What about the clean-minded author?

Sir B. Baxter

This Bill does not deal with the clean-minded author.

In Clause 2 we read. Whether the general character and dominant effect of the matter alleged to be obscene is corrupting; No doubt all that could be proved, but it seems to me that in the end it is impossible to draft Clauses in a Bill which will make the Bill coherent or workable in dealing with obscence publications. For example, supposing that a modern Euripides brought in the manuscript of "Oedipus Rex." You are a great Greek scholar, Mr. Speaker, and therefore I will not attempt to enlighten you on the theme of "Oedipus Rex," but can you imagine that being put before any censorship board? Would they say, "Yes"? Not at all; they would lose their jobs.

Consider the Press Council. Has it been able to define obscenity? The Council was set up as an advisory board, and the moral decline in the popular newspapers has gone on steadily ever since it was first set up. I feel very strongly that in the end this question has to be left to the critics of writing, to the critics of the theatre and to the manifestation of public taste. Therefore, I think that it is the duty of publishers of newspapers, the duty of the House, and the duty of all who command either the ear or eye of the public, slowly to raise the standard of judgment, the standard of ethics and the standard of taste so that in the end the public will say, "This shall not be."

I have been studying the Bill very closely for more than an hour. I was not involved in the Lotteries Bill debate, and therefore I have been studying the Bill now before us because it is a subject which is of very great interest to me. May I ask the hon. Member for Stechford whether this board, this court of moral inquisition under the Bill, is intended to deal with newspapers?

Mr. Roy Jenkins

I am sure that the hon. Gentleman, if he has studied the Bill as closely as he indicated, will know the answer.

Sir L. Plummer

What mention is there in the Bill of a board?

Sir B. Baxter

I meant to say "This Bill"; I was misusing the word.

Is this Bill intended to deal with the obscenity of newspapers? Apparently not. Then why not? Unfortunately, I have only two minutes in which to prove how fully I have studied the Bill. As the newspapers have set up a Press Council to keep them on the straight and narrow path, and because I think myself that this Bill is well meaning and worthy and I do not want to talk it out. I will now sit down.

3.58 p.m.

The Joint Under-Secretary of State for the Home Department (Sir Hugh Lucas-Tooth)

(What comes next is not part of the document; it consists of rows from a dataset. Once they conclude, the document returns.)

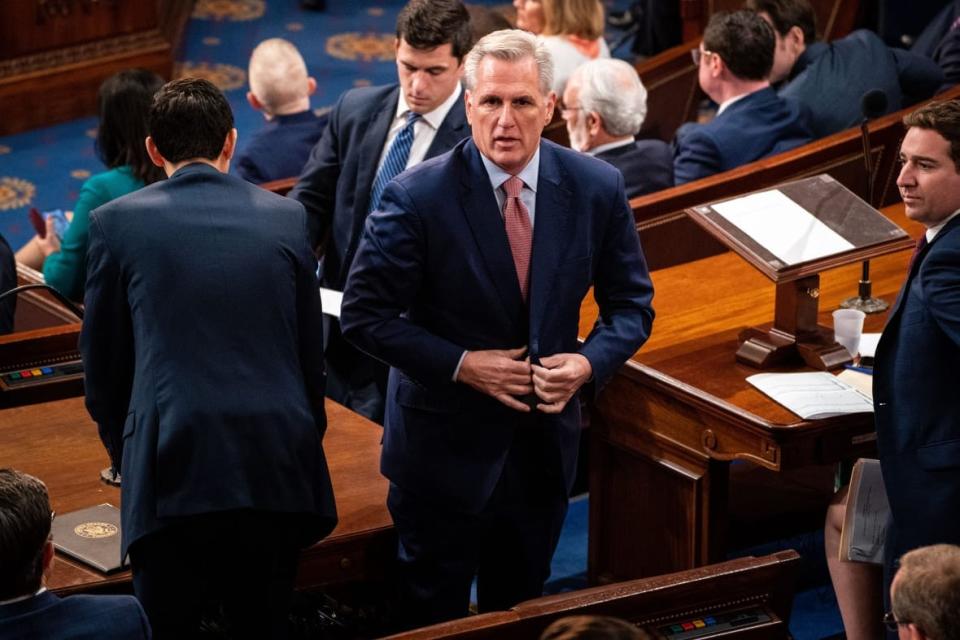 Rep. Kevin McCarthy (R-CA) buttons his jacket after standing up in the House Chamber of the U.S. Capitol Building on Tuesday, Jan. 3, 2023 in Washington, DC. Today members of the 118th Congress will be sworn in and the House of Representatives will hold votes on a new Speaker of the House. (Kent Nishimura / Los Angeles Times via Getty Images)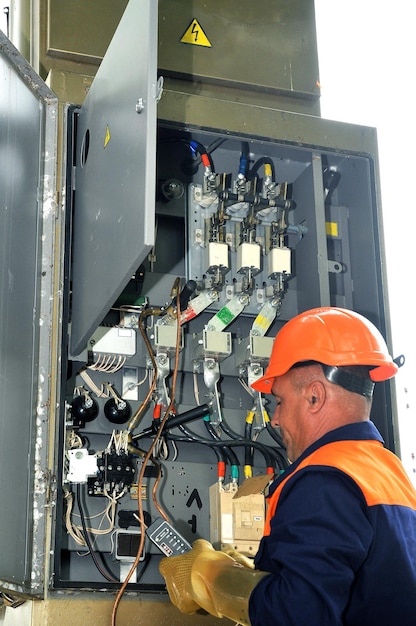 Engenheiro eletricista mede a tensão em um gabinete de controle elétrico.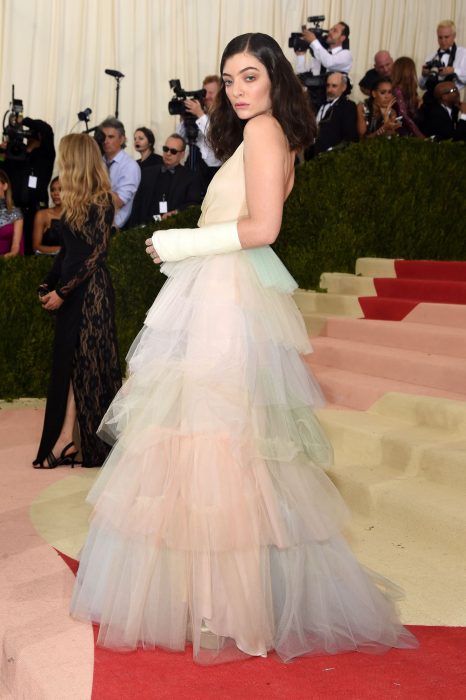 Cantante Lorde usando un vestido de capas en colores pastel en la alfombra roja de los Met Gala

The subject matter of this Bill is as important as any that could be raised in a Private Member's Bill and is certainly as controversial. For these reasons I think that it deserves rather more time for consideration than has been given to it this afternoon, and if I am still on my feet, Mr. Speaker, when four o'clock strikes, it will be because it is quite impossible for me to explain the Government's attitude to the Bill in the minute or so that remains, when it is remembered that the passage of the Children and Young Persons (Harmful Publications) Act through the House, last Session, occupied many hours of our time, and that that Measure was far smaller in its content than anything which is dealt with in this Bill.

It is, of course—it must be agreed—necessary to draw a line somewhere between works which offend commonly accepted standards of decency—

It being Four o'clock, Mr. SPEAKER proceeded to interrupt the business.

Whereupon Mr. ROY JENKINS rose in his place and claimed to move, That the Question be now put; but Mr. SPEAKER withheld his assent and declined then to put that Question; and the debate stood adjourned.

Debate to be resumed upon Friday, 9th December.